§ **About this task**:
The answer is a stretch of the material below, returned exactly: the line containing "Poszter - Gondolkodó távolság - 91x61 cm", the line containing "Jasper van der", and all lines between.

§ **Provided data**:
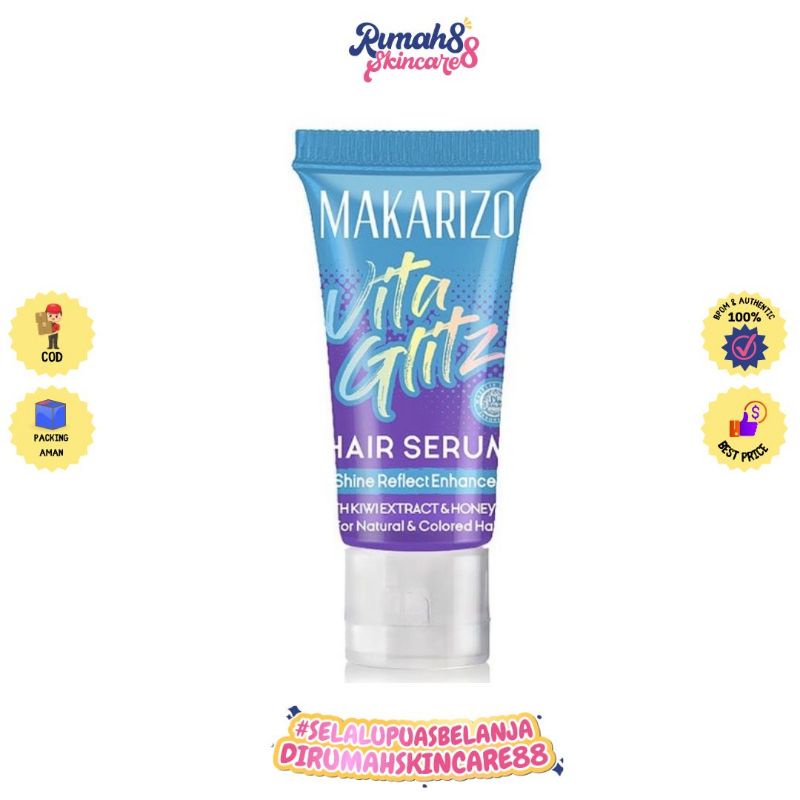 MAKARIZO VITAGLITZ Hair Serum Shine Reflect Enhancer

---

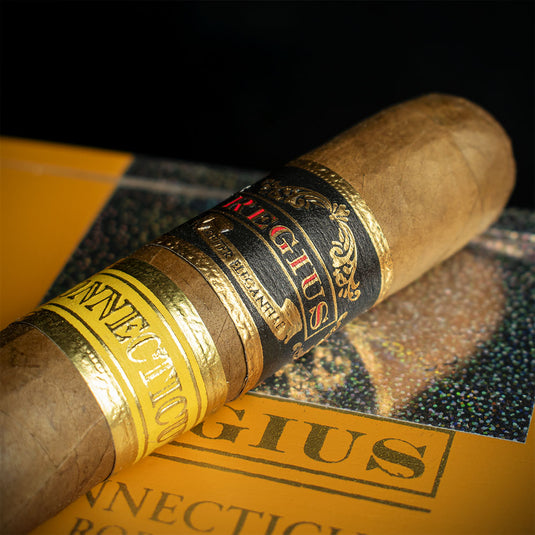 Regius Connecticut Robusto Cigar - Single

---

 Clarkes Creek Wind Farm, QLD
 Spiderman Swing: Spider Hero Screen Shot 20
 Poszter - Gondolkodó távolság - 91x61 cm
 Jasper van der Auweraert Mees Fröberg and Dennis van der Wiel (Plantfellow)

§ **Solved exercise**:
 Poszter - Gondolkodó távolság - 91x61 cm
 Jasper van der Auweraert Mees Fröberg and Dennis van der Wiel (Plantfellow)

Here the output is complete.